With just two weeks left until the trade truce deadline, will we finally see the US and China come around the negotiation table to strike up a deal and end a bitter trade conflict that has lasted over a year? In the following interview Huang Juin Hao, Senior Portfolio Manager shares the possible scenarios of the trade talks and market implications.
1) Trade negotiations between US and China are currently ongoing, but the 90-day truce period is set to end on 1 March 2019. What are your expectations of the talks and possible outcomes?
Our expectations have shifted. Towards the end of 2018, the market was expecting higher odds of an escalation or widening of trade tariffs against China. This was in part, due to the extremely short time period available for negotiations due to US Christmas holidays in December’18 and China’s Chinese New Year holidays in February’19.
However, the market has since moved their expectations towards a higher probability of a neutral or positive outcome for trade talks after more conciliatory signals from both China and US.
In latest news, US President Donald Trump has expressed willingness to extend the March 1st deadline, while Chinese President Xi Jinping and Vice Premier Liu He is reportedly scheduled to meet with key members of the US trade delegation including US Trade Representative Robert Lighthizer and US Treasury Secretary Steven Mnuchin in Beijing this Friday.

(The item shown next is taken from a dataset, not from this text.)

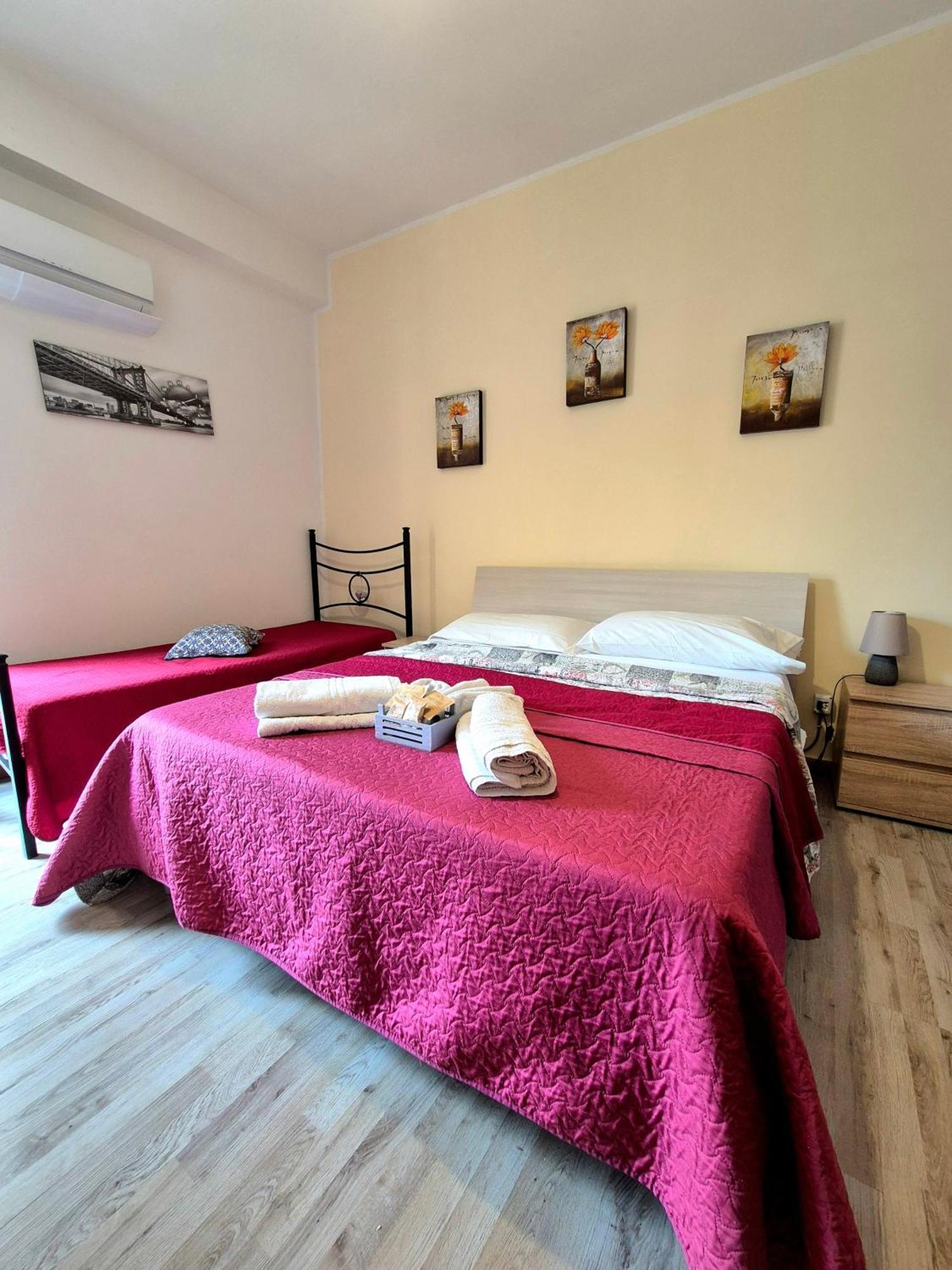 Bella Taormina Bed & Breakfast Exterior foto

We believe the meeting between the top trade envoys signals goodwill and firm efforts to come to a resolution that would be agreeable to both sides.
We are currently leaning towards a base case that sees the status quo remain (no further escalation or de-escalation of the current 25% tariffs imposed on USD$ 250bn worth of goods), and one where it would allow for the deadline to be extended and for talks to be stretched out towards the end of 2019.